§ **What you will do**: Reproduce only what runs from the line containing "Idle Hospital Tycoon" to the line containing "Scania Noge Titanium" in the records below, inclusive. Keep it exact, and keep the pictures out.

§ **Supplied information**:
* * *

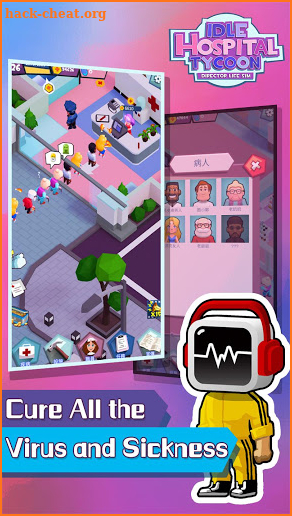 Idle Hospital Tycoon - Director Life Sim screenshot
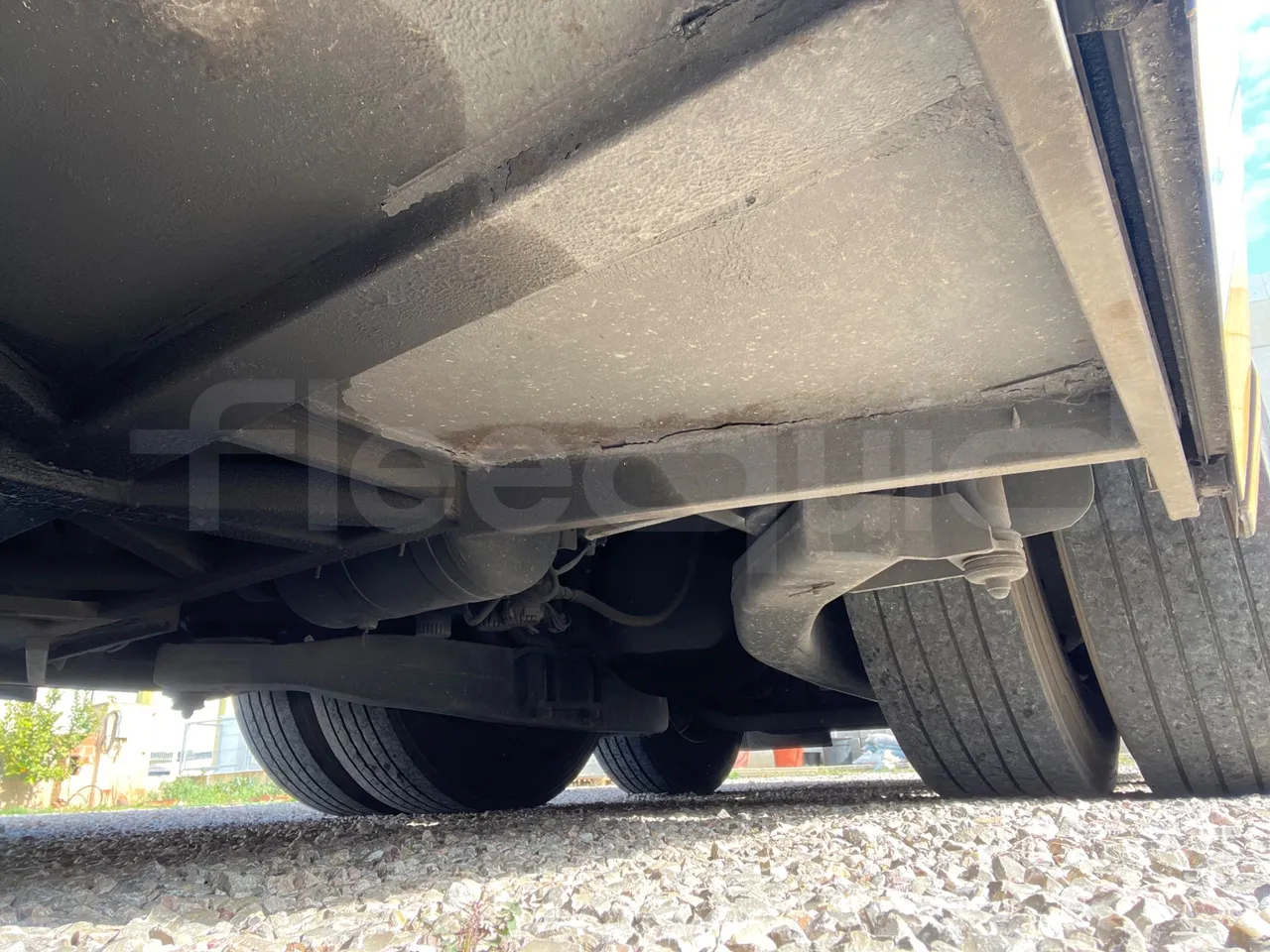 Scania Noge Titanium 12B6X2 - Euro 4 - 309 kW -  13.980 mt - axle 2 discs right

* * *

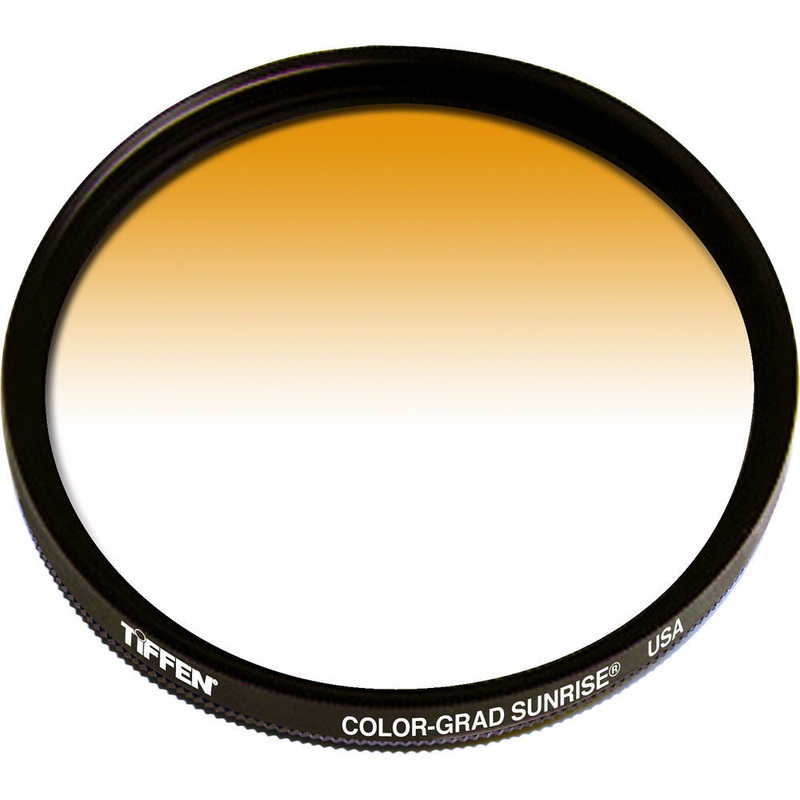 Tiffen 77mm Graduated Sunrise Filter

* * *

§ **Final answer**:
 Idle Hospital Tycoon - Director Life Sim screenshot
 Scania Noge Titanium 12B6X2 - Euro 4 - 309 kW -  13.980 mt - axle 2 discs right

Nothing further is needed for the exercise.